I have started reading about subgroup growth and, to my surprise, I haven't found a reference to whether direct products preserve subgroup growth.
Recall that, given a finitely generated group $G$, the function $s_n(G)$ is given by $$s_n(G)=\#\{\text{subgroups of } G\text{ of index }\leq n\}.$$ We say that $G$ has subgroup growth type $f$ for some function $f$ if there are $a$, $b>0$ such that \begin{align} s_n(G)&\leq f(n)^a \quad & &\text{for } n \text{ large enough},\\ f(n)&\leq s_n(G)^b \quad & &\text{for infinitely many } n. \end{align}
What I have found is the following: Let $G$ be a finitely generated group, let $N$ be a normal subgroup and let $Q=G/N$. Then Proposition 1.3.2 in Subgroup growth by A. Lubotzky and D. Segal states \begin{align} s_n(G)&\leq s_n(Q)s_n(N)n^{\text{rk}(Q)},\\ s_n(G)&\leq s_n(Q)s_n(N)c^n,\qquad \text{where}\ c=3^{d(Q)/3}. \end{align} Of course, these inequalities can be applied to a direct product $G\times G$ by taking $N=G\times 1$.

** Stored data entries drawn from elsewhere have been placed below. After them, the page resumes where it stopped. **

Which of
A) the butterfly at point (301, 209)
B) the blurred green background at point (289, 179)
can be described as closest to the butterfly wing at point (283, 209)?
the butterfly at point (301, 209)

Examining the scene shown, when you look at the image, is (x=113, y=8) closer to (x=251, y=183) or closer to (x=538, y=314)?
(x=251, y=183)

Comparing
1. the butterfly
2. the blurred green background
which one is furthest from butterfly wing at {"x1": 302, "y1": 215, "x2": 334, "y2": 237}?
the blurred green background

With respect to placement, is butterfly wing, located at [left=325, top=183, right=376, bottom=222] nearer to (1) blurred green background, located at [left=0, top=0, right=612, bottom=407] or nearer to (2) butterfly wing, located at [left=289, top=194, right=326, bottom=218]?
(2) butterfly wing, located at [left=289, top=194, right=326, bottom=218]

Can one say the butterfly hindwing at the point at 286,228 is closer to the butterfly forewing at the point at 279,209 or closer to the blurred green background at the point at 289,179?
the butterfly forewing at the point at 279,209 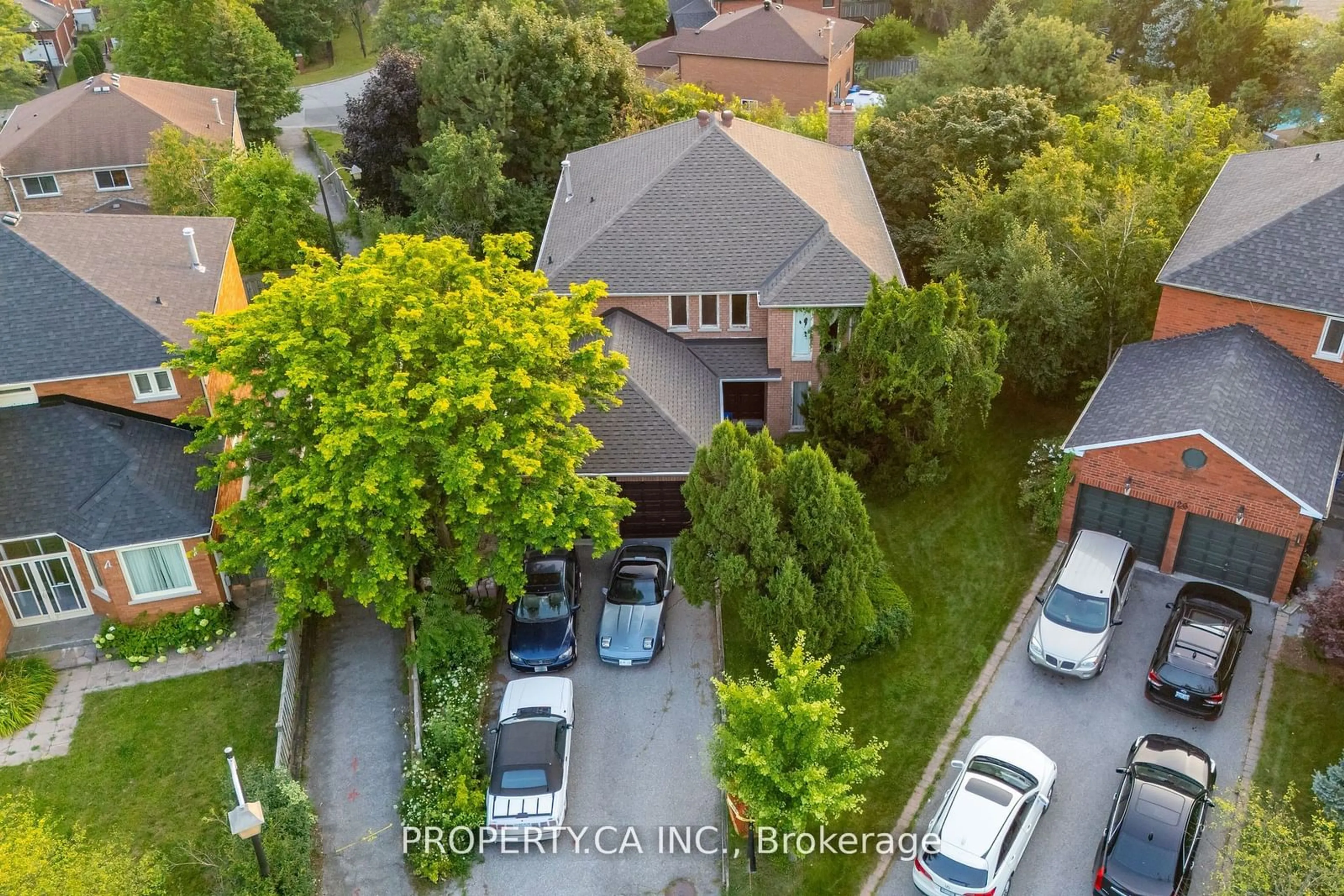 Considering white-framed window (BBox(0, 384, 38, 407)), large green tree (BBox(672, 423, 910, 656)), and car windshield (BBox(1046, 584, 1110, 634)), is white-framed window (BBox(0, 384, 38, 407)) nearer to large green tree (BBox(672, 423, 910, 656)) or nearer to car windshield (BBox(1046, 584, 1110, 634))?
large green tree (BBox(672, 423, 910, 656))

This seems to suggest that there should exist a group $G$ of intermediate growth and infinite rank such that $G\times G$ has strictly faster subgroup growth than $G$; more precisely, given any $a>0$, $$s_n(G\times G)>s_n(G)^a \quad \text{for infinitely many } n.$$ Does such an example exist?